Copiosa è la giurisprudenza di Cassazione che, facendo applicazione degli ordinari criteri in tema di prova, ha sempre affermato che al danneggiato spettasse la prova del danno e del nesso di causalità (in tal senso da ultimo cfr. Cass. Civ. sez. I sent. N. 14618/21) e che, la sola circostanza dell’illecito trattamento dei dati personali non fosse di per sé sufficiente a legittimare una richiesta di risarcimento del danno che doveva comunque essere provato.
Ebbene, nonostante queste premesse, la suprema corte di Cassazione è sempre stata granitica (ex multis: Cassazione Civile, sez. VI n. 17383/2020 e, in tema di spam, Cassazione civile sez. I n. 3311/17) nell’affermare che sebbene il diritto fondamentale alla tutela dei dati personali sia riconosciuto tanto dalla Costituzione quanto dalla Convenzione Europea dei diritti dell’uomo, il danno non patrimoniale risarcibile ai sensi dell’articolo 15 del d.lgs. n. 196/03 non si sottrae alla verifica della “gravità della lesione” e della “serietà del danno” ricordando che “anche per tale diritto opera il bilanciamento con il principio di solidarietà di cui all’art. 2 Cost. di cui il principio di tolleranza della lesione minima è intrinseco precipitato” rifiutando costantemente tale risarcimento qualora il danno lamentato derivasse da spam.
Ma vi è di più, in almeno una circostanza (Cassazione civile sez. I n. 3311/17) la Suprema Corte, oltre a non ritenere l’istante meritevole di risarcimento, ha stabilito che percorrere tutti i gradi di giudizio (due, esattamente come nel caso del tribunale tedesco poiché le sentenze di primo grado in materia di dati personali non sono appellabili ma ricorribili in cassazione) “per un danno, indicato in Euro 360,00, ipotetico e futile, consistente al più in un modesto disagio o fastidio, senz’altro tollerabile, collegato al fatto, connesso ad un uso ordinario del computer, di avere ricevuto dieci email indesiderate, di contenuto pubblicitario, nell’arco di tre anni” costituisse abuso dello strumento processuale e ha quindi condannato il ricorrente al pagamento di €1.500 ai sensi dell’art. 96 c.p.c. per “lite temeraria”.

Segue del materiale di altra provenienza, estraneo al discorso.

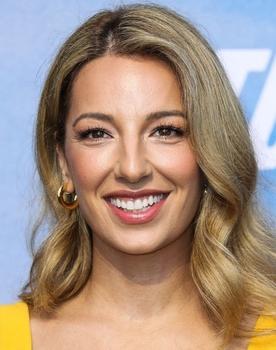 Vanessa Lengies isactor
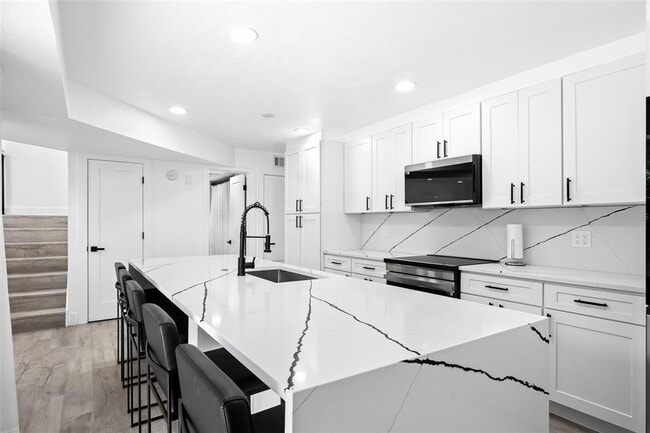 Building Photo - 613 Olympic Dr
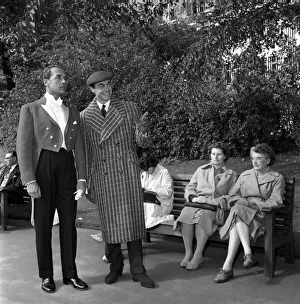 Clothing: Fashion: Menswear: Mens fashion show in Central London. 1962 B1257-009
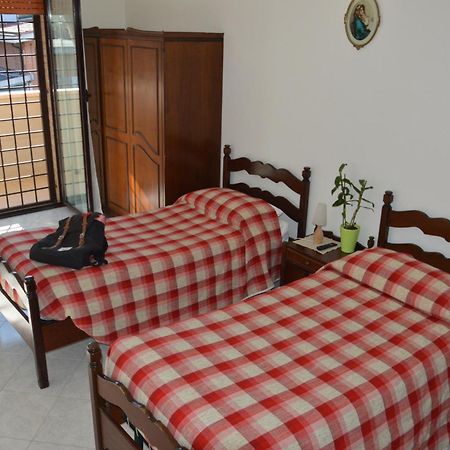 Domus Achille Fosco Otel Ciampino Dış mekan fotoğraf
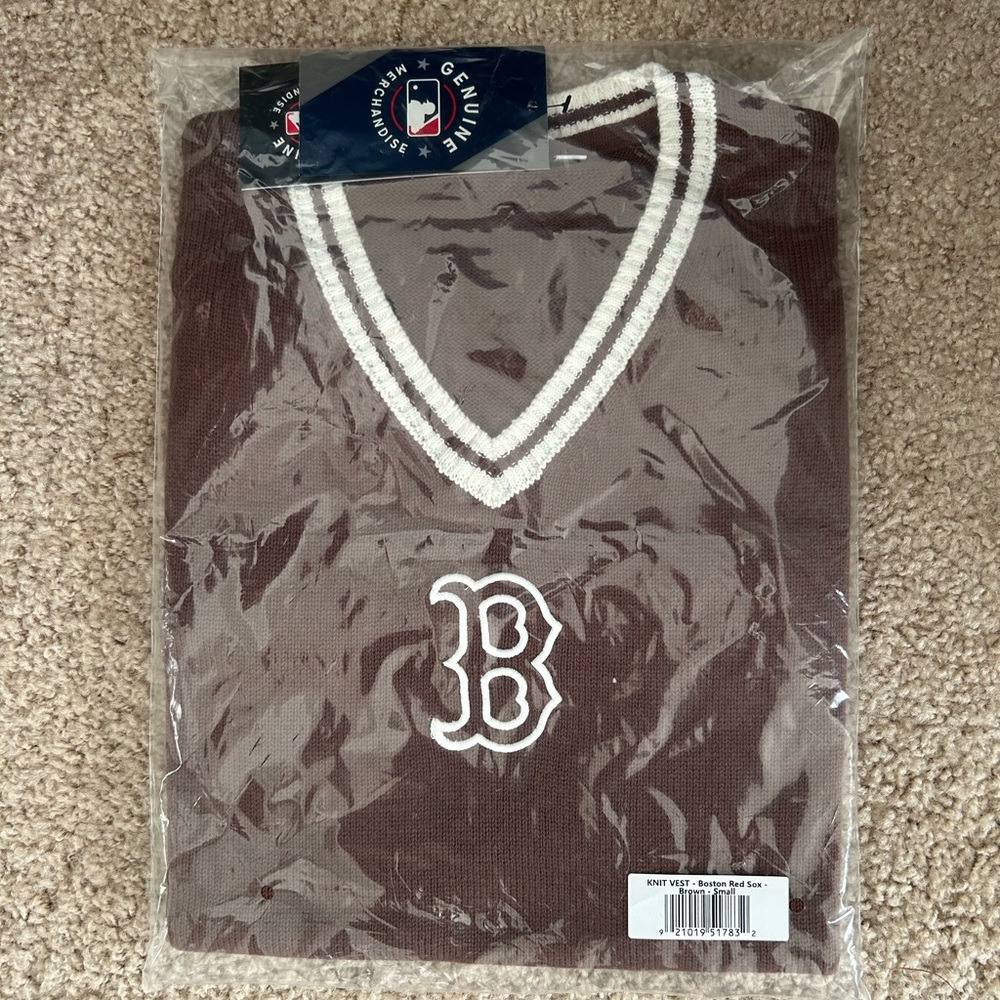 Boston Red Sox v neck sweater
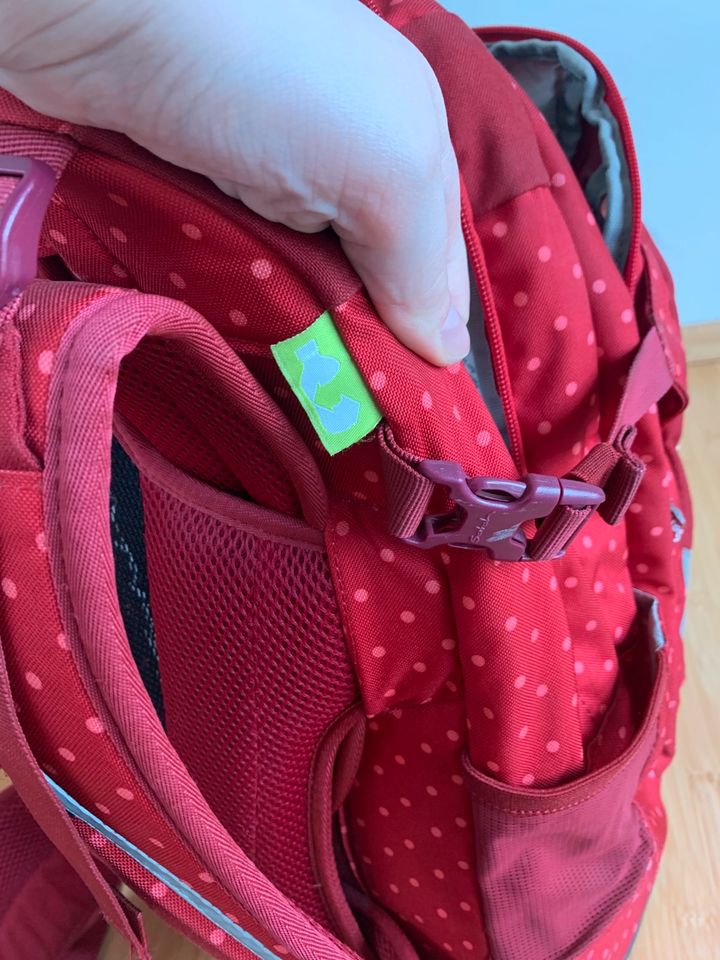 Schulrucksack Satch Dotty rot mit Punkten Mäppchen und Sporttasch in Reichshof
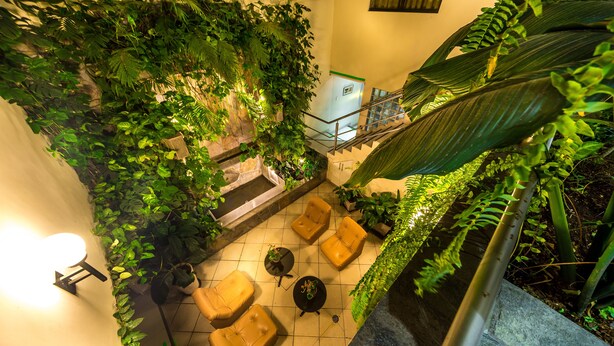 A staircase with a view of a room featuring a green wall, a staircase railing, and a light fixture. - Casa Fanning Apart Hotel (Lima)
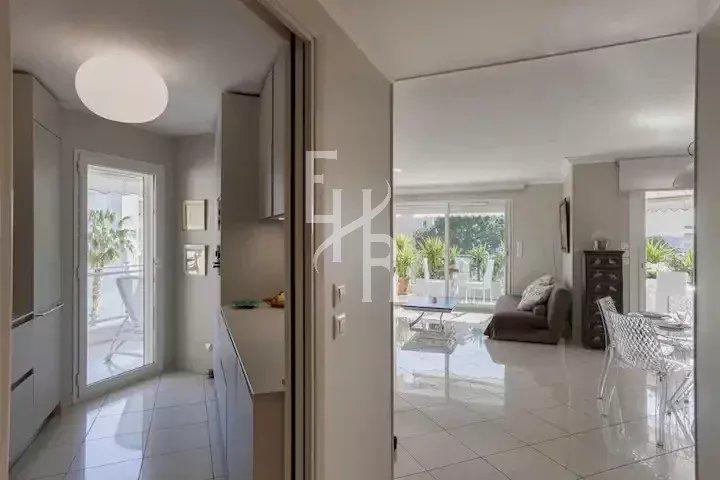 Appartement - 138 m² - 5 pièces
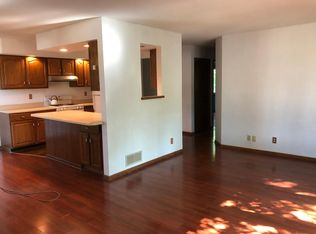 536 Indiana Ave N, Golden Valley, MN 55422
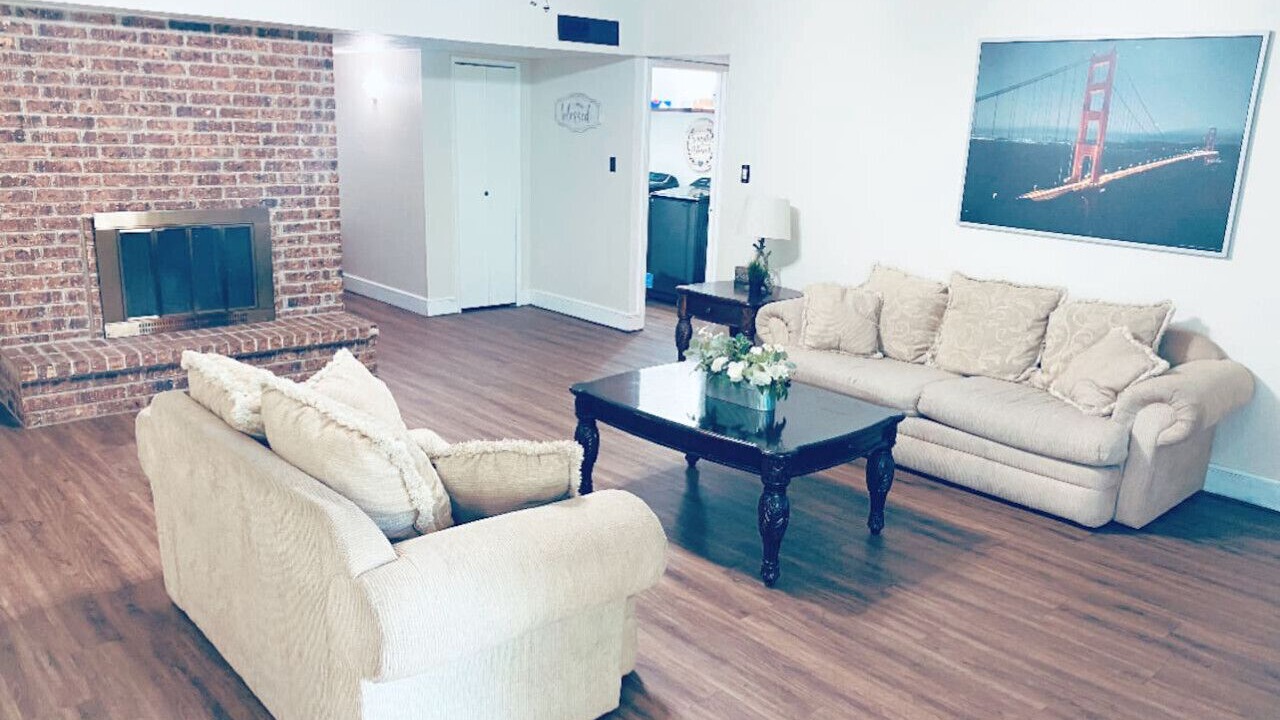 Photo of Livingroom in Humble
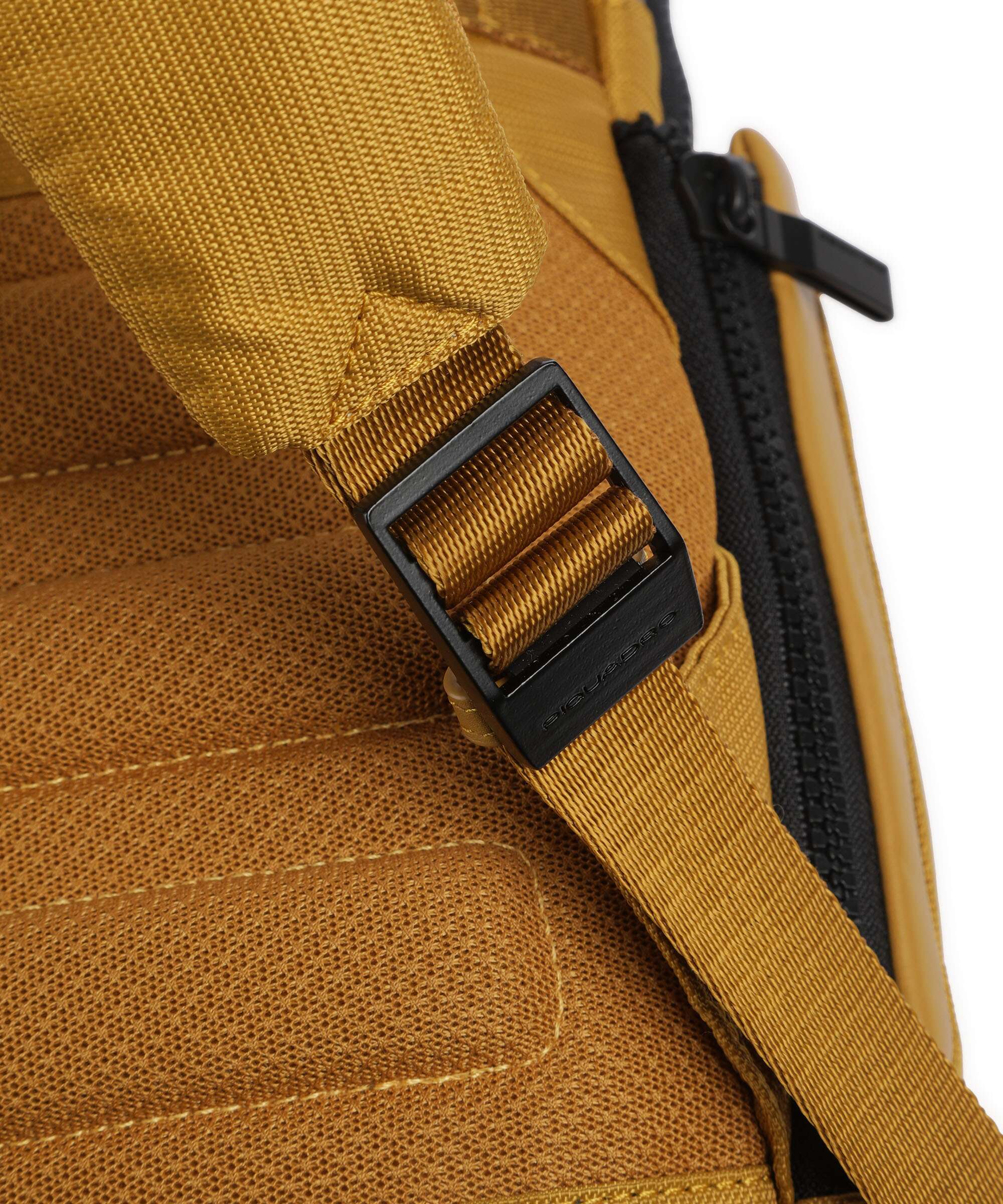 Piquadro S136 Backpack yellow - Image 4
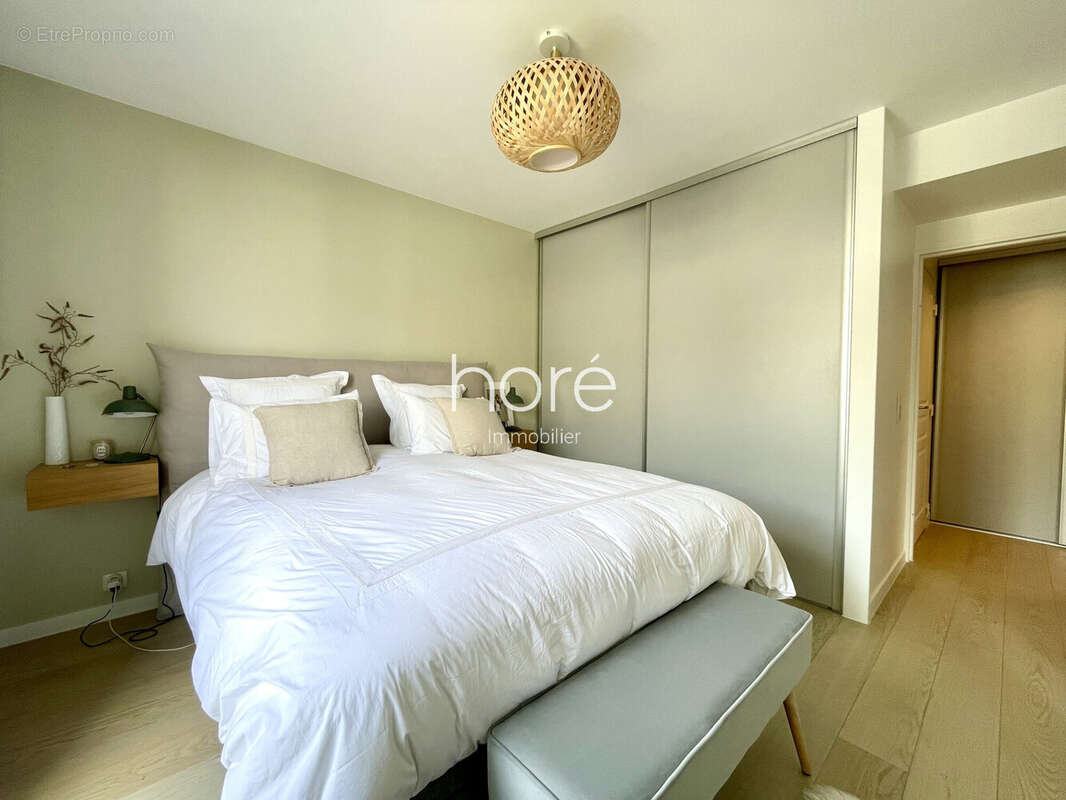 Appartement à LA GARENNE-COLOMBES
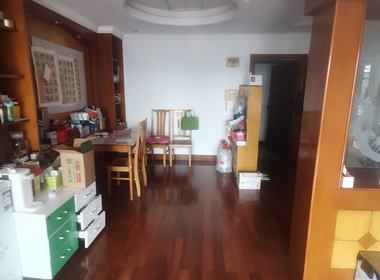 同科公寓 3室2厅2卫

Come dire, oltre al danno la beffa.
La Cassazione, quindi, pur non disconoscendo completamente che lo spam sia in astratto risarcibile chiede che da questo trattamento derivi un danno che non sia tollerabile e quindi che non si traduca in quello che può essere considerato un “fastidio minimo” imponendo degli standard piuttosto alti ed anzi, arrivando a condannare l’istante.
Perché la sentenza tedesca è innovativa
Ed è qui come abbiamo accennato in apertura, che la sentenza tedesca è innovativa: la ricezione di sole due mail costituisce un vero e proprio danno e come tale merita di essere risarcito.
Anche il quantum del risarcimento è considerevole se si tiene conto che per ogni email ricevuta il risarcimento accordato è pari ad € 12,50.
La sentenza, inoltre, fa corretta applicazione del considerando 146 del GDPR a mente del quale il concetto di danno dovrebbe essere interpretato in senso lato alla luce della giurisprudenza della Corte di giustizia e in modo tale da rispecchiare pienamente gli obiettivi del regolamento.
Quali prospettive per l’Italia? Certamente, l’abrogazione dell’articolo 15 del codice della privacy in uno all’entrata in vigore del regolamento europeo aprono le porte ad un revirement della Cassazione; una nuova interpretazione del concetto di danno che tenga conto dei principi ispiratori del GDPR e non solo della gravità della lesione e serietà del danno è possibile. Occorrerà aspettare.